The reply must contain exactly the lines below from the one with "Nissan Rogue Platinum AWD 2026" down to the one with "Dane Myers Cincinnati", both included, and nothing more; please omit the pictures.

DATA SECTION:
--*--
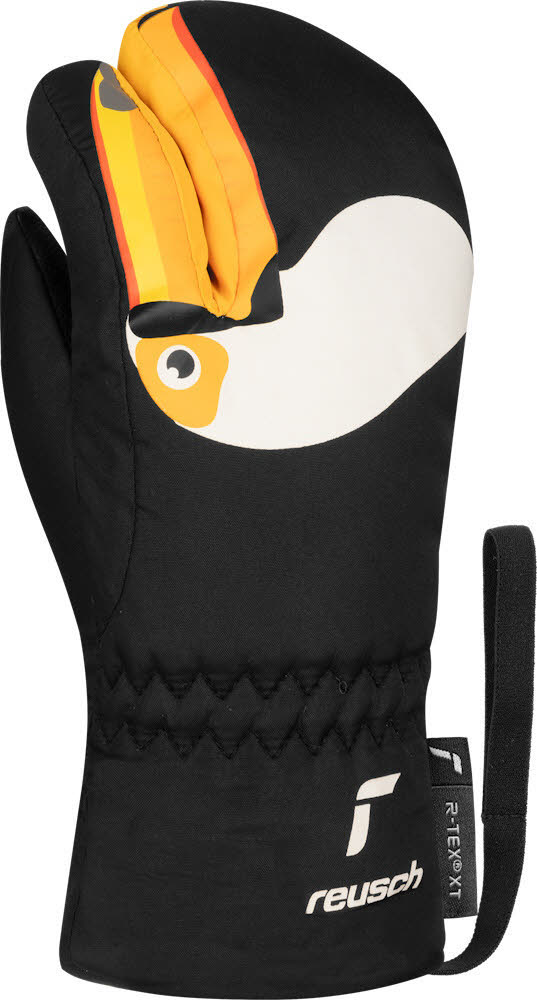 Reusch Peggy R-TEX® XT Lobster Kinder Skihandschuhe Fäustlinge schwarz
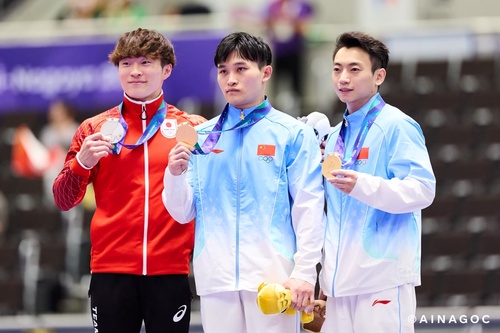 China’s s Lan edges Japan’s Kaneta to retain Asian Games rings crown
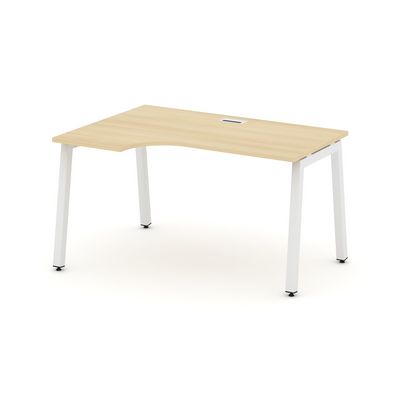 Style Project SN-5A.SPA-012L (Акация лорка/Белый металл) Стол рабочий эргономичный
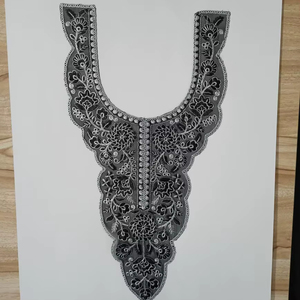 Patchs brodés de sequins (tissu ORGEZA) pour vêtements féminins et tenues de soirée, forme ronde, commandes en gros acceptées - Product Image 1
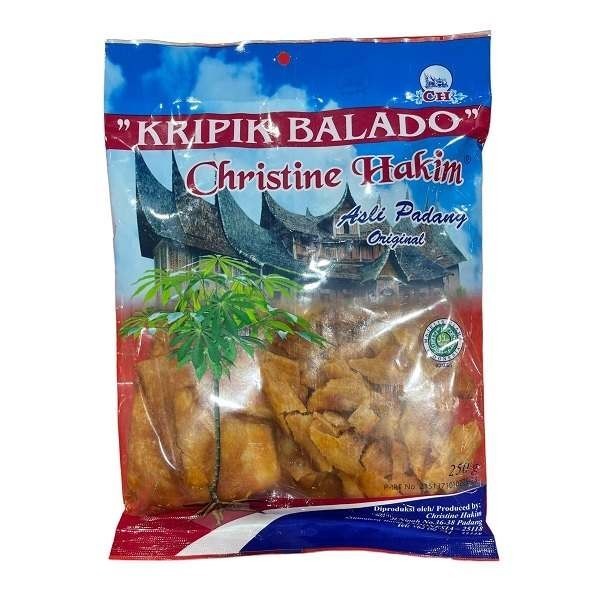 

CHRISTINE HAKIM KERIPIK BALADO 250 GR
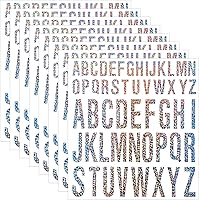 Vista 17 de 8 hojas de calcomanías de vinilo del alfabeto, impermeables, autoadhesivas, letras para pósteres, tablones de anuncios, buzón de correo, decoración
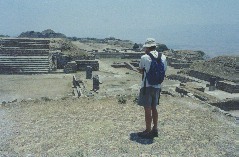 Looking out over the ruins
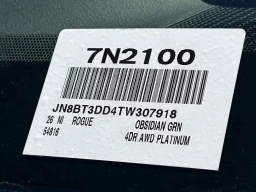 Nissan Rogue Platinum AWD 2026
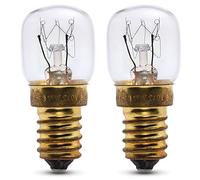 2 x 15w Oven lamp for use Within a Rangemaster Oven. 240v. 300° Heat Resistant. SES (E14) Small Edison Screw Cooker Light Bulb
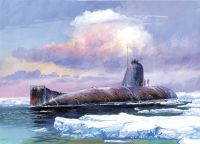 Model Kit ponorka 9035 - Nuclear Submarine K-3 (1:350) Zvezda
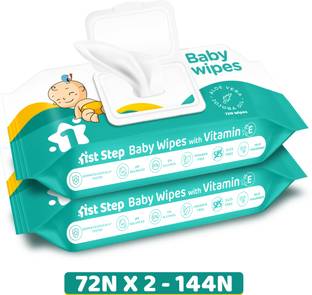 1st Step Baby Wet Wipes With Lid Enriched With Aloe-Vera And Jojoba Oil(Pack of 2)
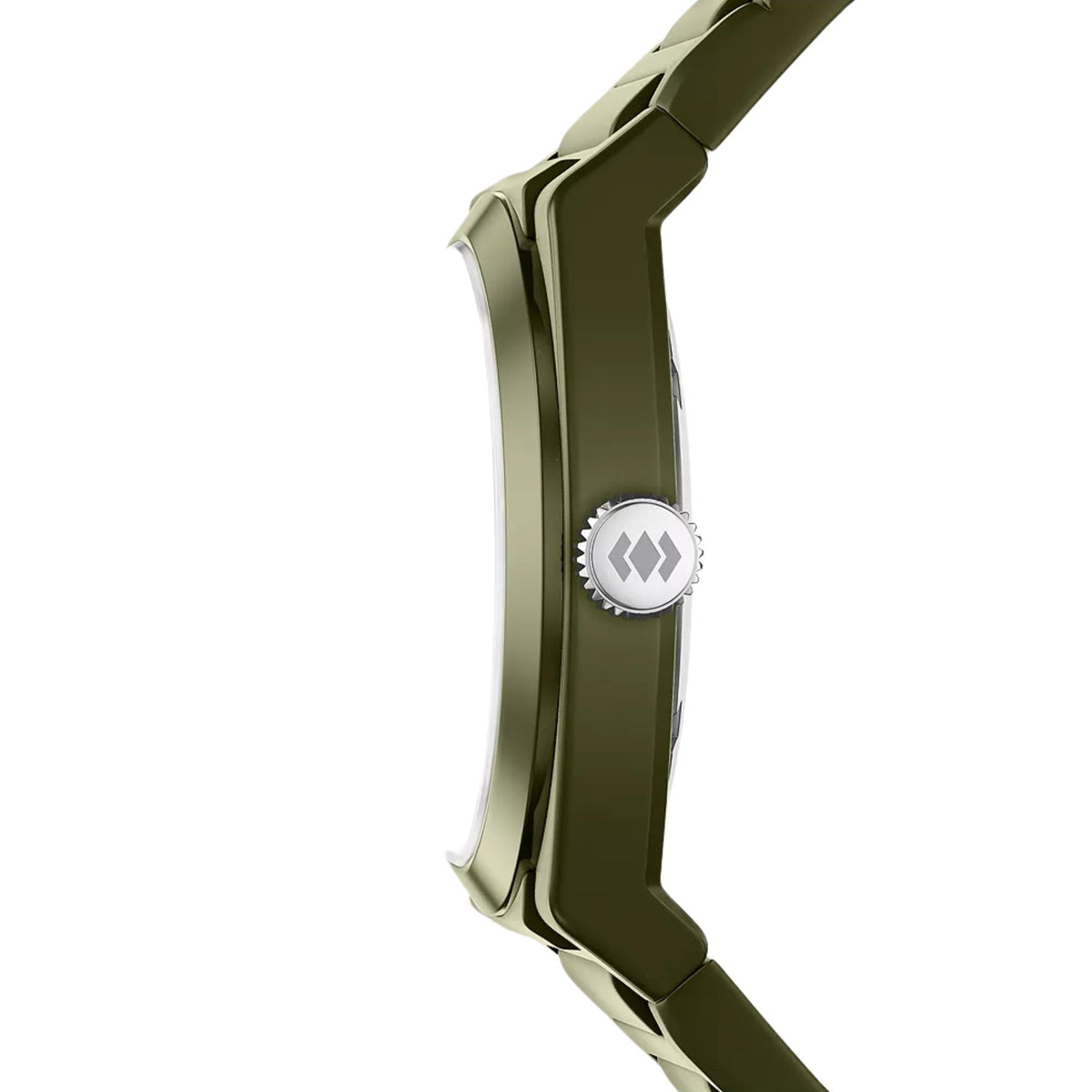 Fossil Everett 42mm Green Dial Silicone Mens Quartz Watch FS6178
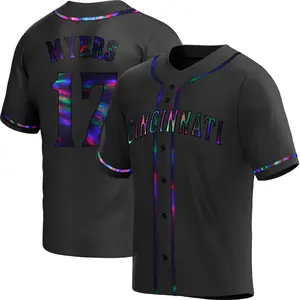 Dane Myers Cincinnati Reds Replica Alternate Jersey - Black Holographic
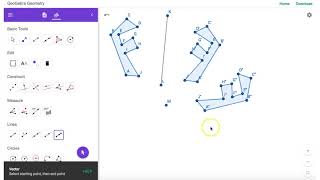 Transformations in GeoGebra Geometry [upl. by Hairym]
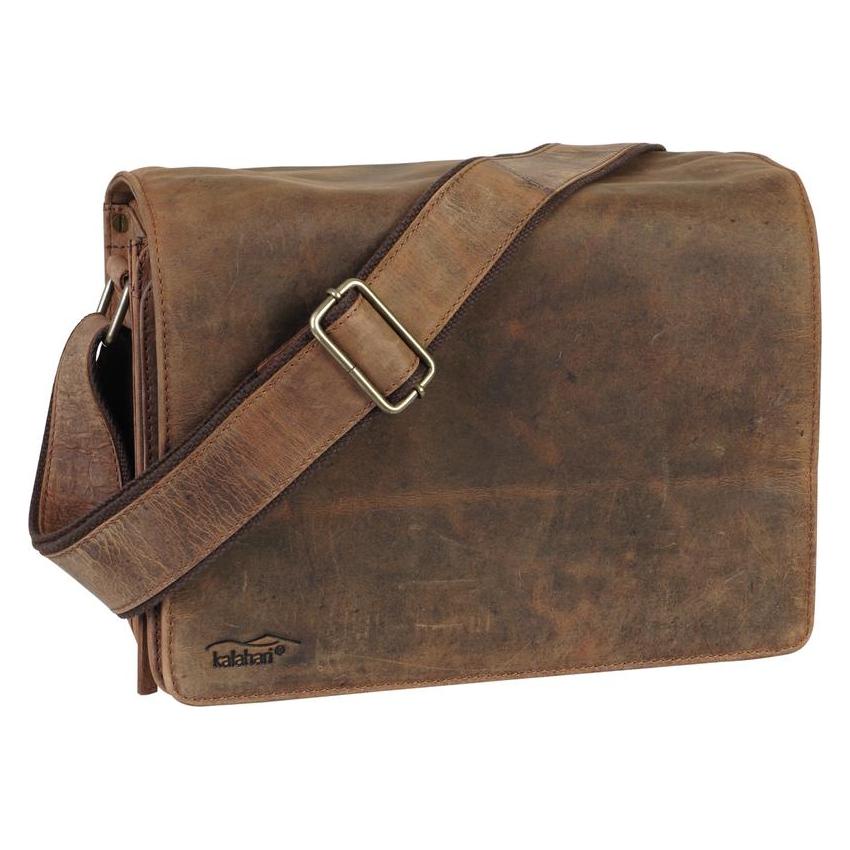 Kalahari KAAMA LS-23 Fototasche, Leder (Kamera Schultertasche) (440523)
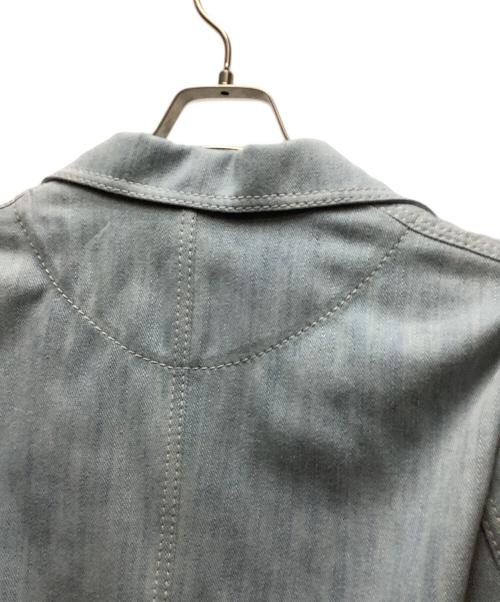 AKRIS punto（アクリスプント）AKRIS punto (アクリスプント) デニムテーラードショートジャケット ブルー サイズ:SIZE36 未使用品の古着・服飾アイテム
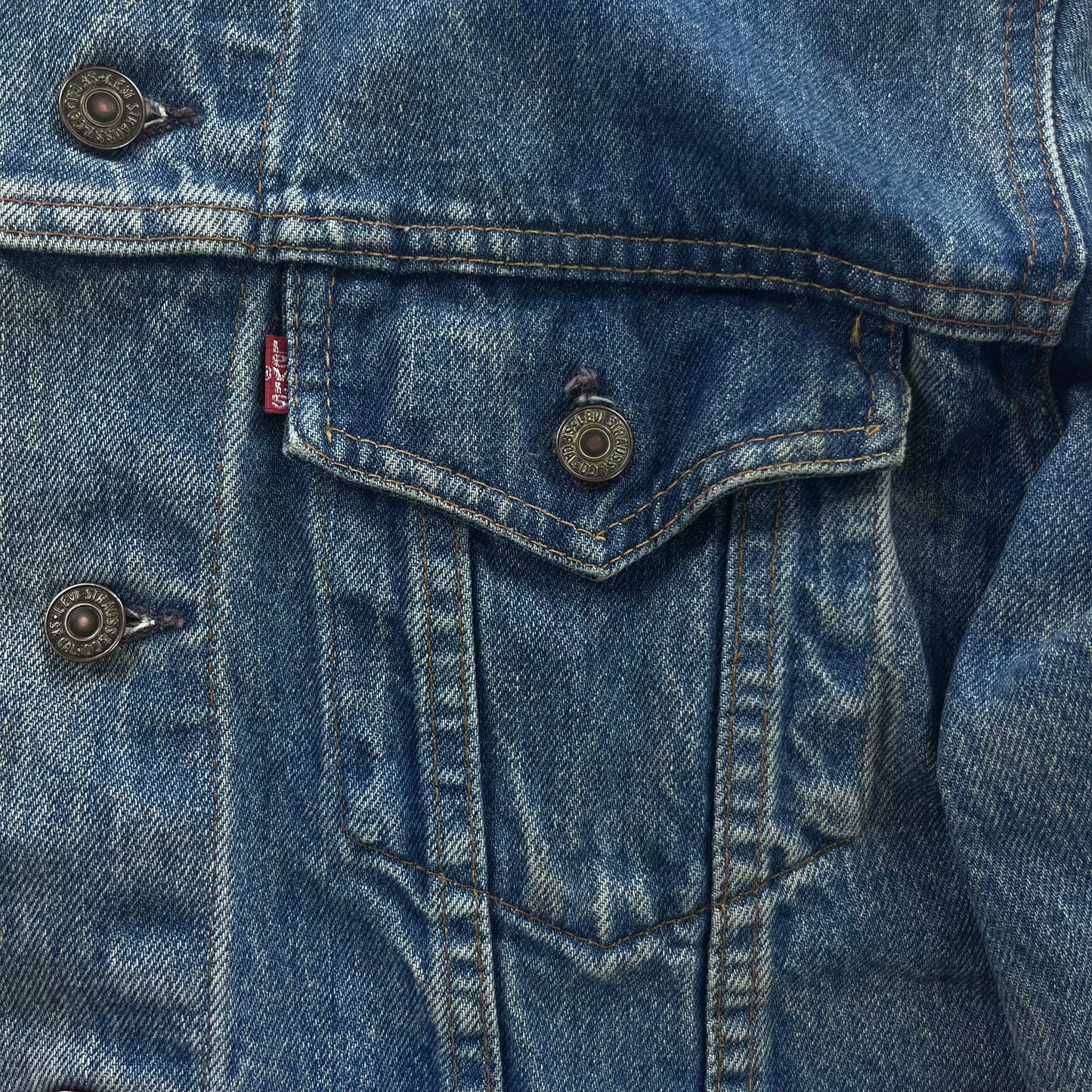 Vintage Levis Classic Denim Button Jacket L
--*--
YOUR SOLUTION:
 Nissan Rogue Platinum AWD 2026
 2 x 15w Oven lamp for use Within a Rangemaster Oven. 240v. 300° Heat Resistant. SES (E14) Small Edison Screw Cooker Light Bulb
 Model Kit ponorka 9035 - Nuclear Submarine K-3 (1:350) Zvezda
 1st Step Baby Wet Wipes With Lid Enriched With Aloe-Vera And Jojoba Oil(Pack of 2)
 Fossil Everett 42mm Green Dial Silicone Mens Quartz Watch FS6178
 Dane Myers Cincinnati Reds Replica Alternate Jersey - Black Holographic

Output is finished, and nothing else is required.